───── Information shown

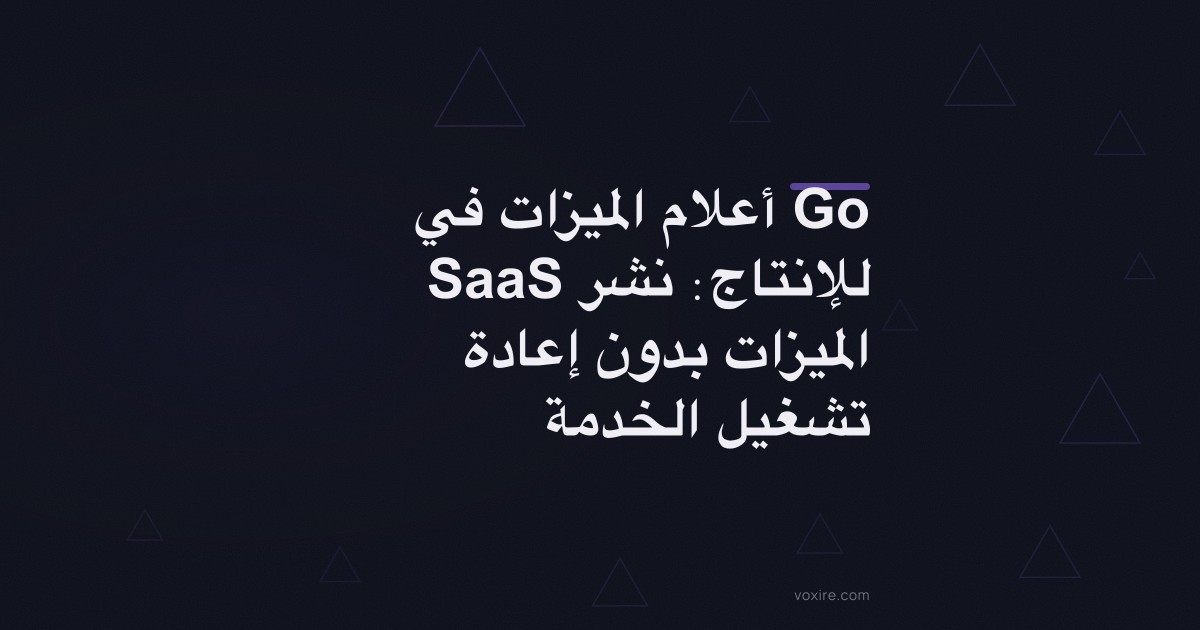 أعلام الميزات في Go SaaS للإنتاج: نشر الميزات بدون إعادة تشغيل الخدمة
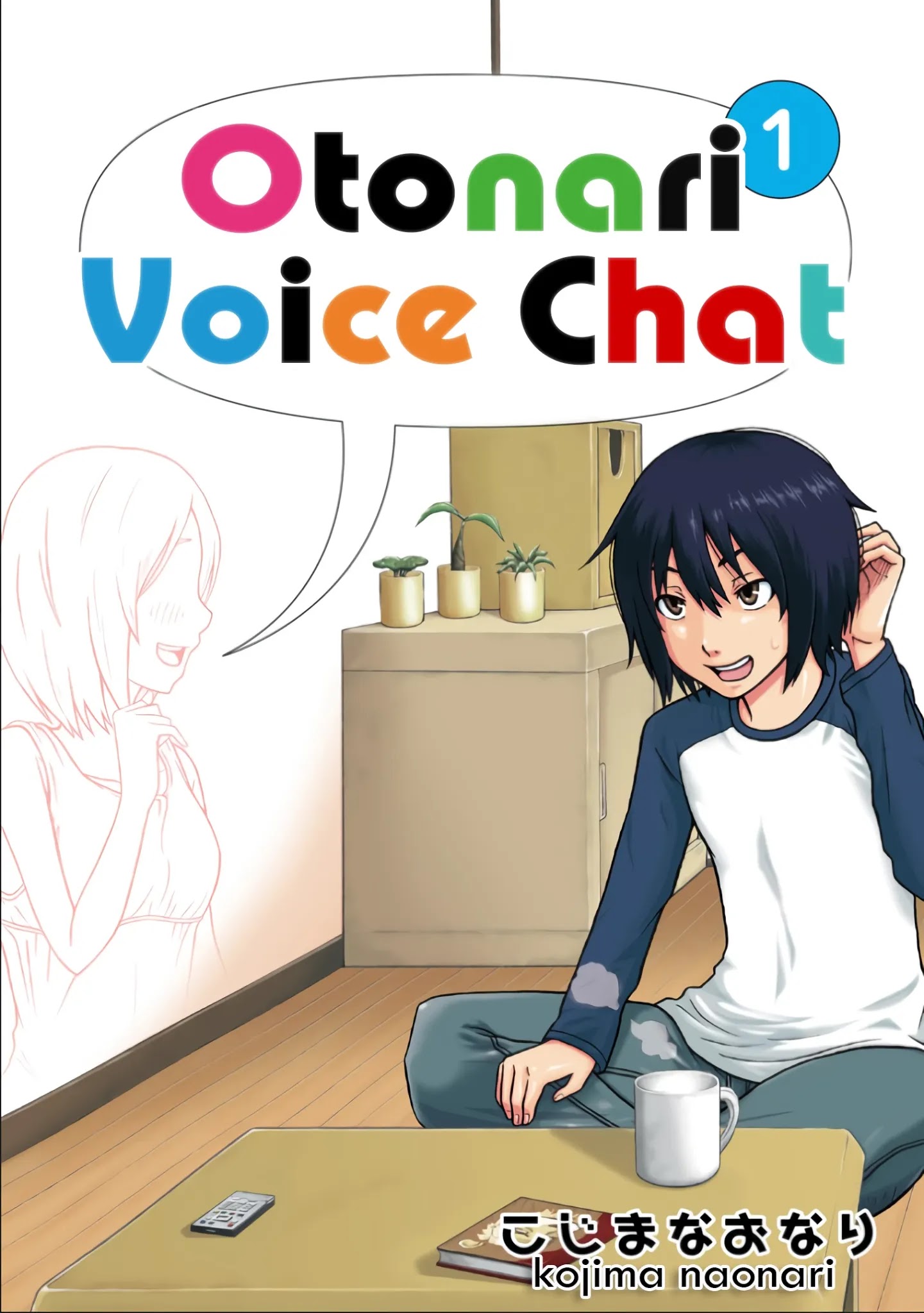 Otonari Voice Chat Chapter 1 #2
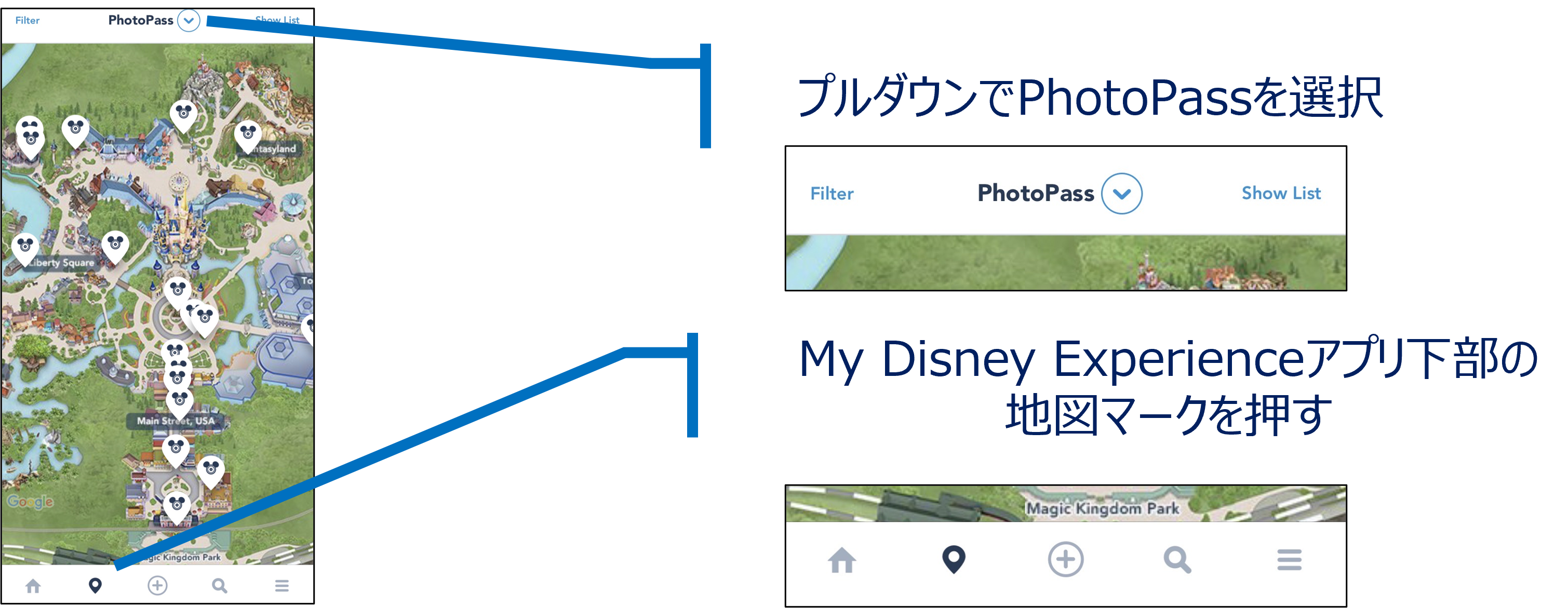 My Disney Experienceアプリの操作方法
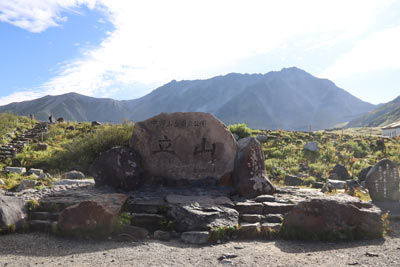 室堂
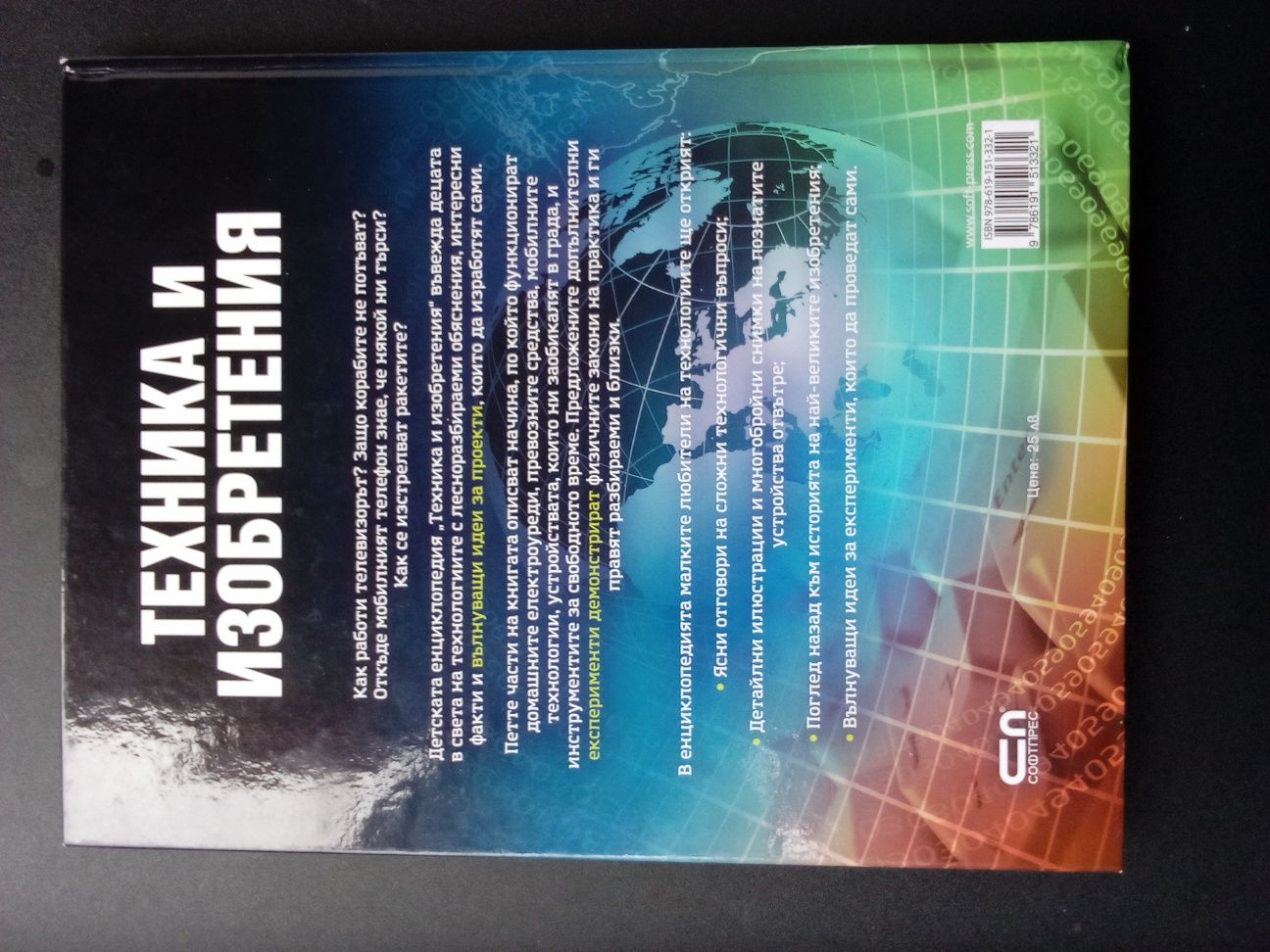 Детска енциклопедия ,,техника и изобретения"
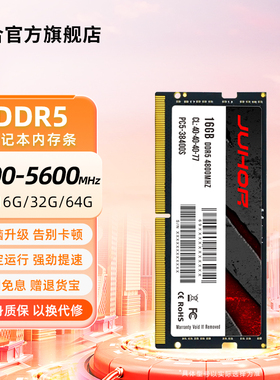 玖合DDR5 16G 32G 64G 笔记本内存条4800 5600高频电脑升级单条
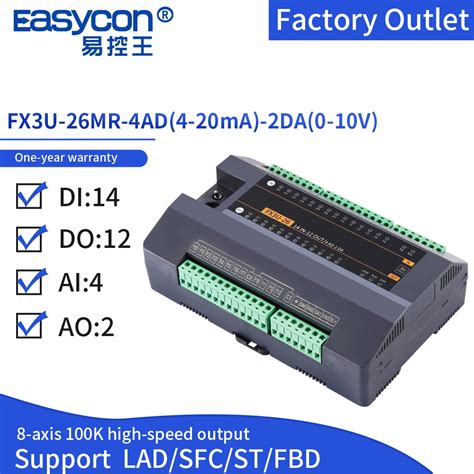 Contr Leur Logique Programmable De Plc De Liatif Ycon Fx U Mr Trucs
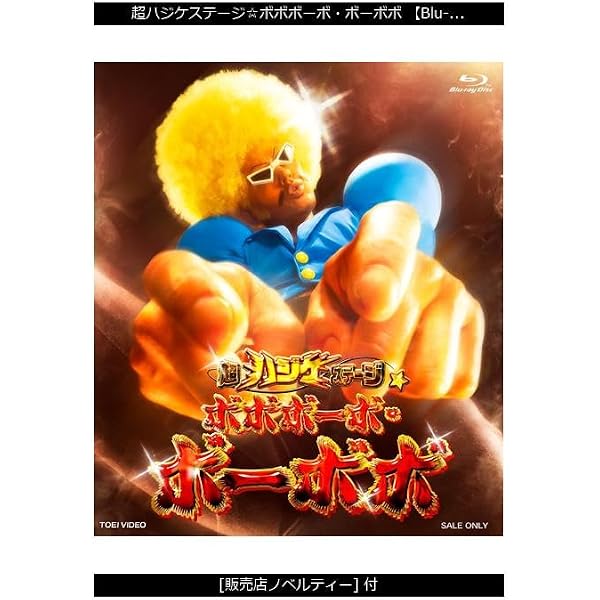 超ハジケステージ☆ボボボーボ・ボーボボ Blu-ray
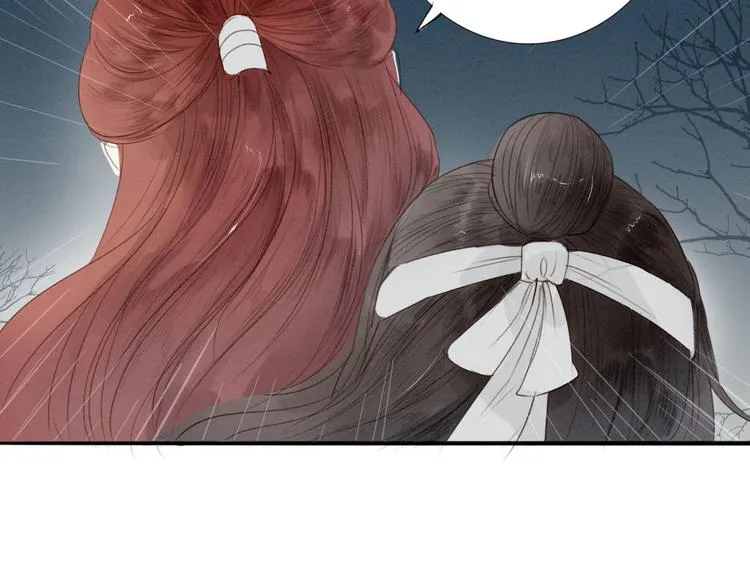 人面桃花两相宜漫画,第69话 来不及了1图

──────────

* _Exercise_: Please repeat every record exactly, leaving the pictures out.

* _Problem solution_:
 أعلام الميزات في Go SaaS للإنتاج: نشر الميزات بدون إعادة تشغيل الخدمة
 Otonari Voice Chat Chapter 1 #2
 My Disney Experienceアプリの操作方法
 室堂
 Детска енциклопедия ,,техника и изобретения"
 玖合DDR5 16G 32G 64G 笔记本内存条4800 5600高频电脑升级单条
 Contr Leur Logique Programmable De Plc De Liatif Ycon Fx U Mr Trucs
 超ハジケステージ☆ボボボーボ・ボーボボ Blu-ray
 人面桃花两相宜漫画,第69话 来不及了1图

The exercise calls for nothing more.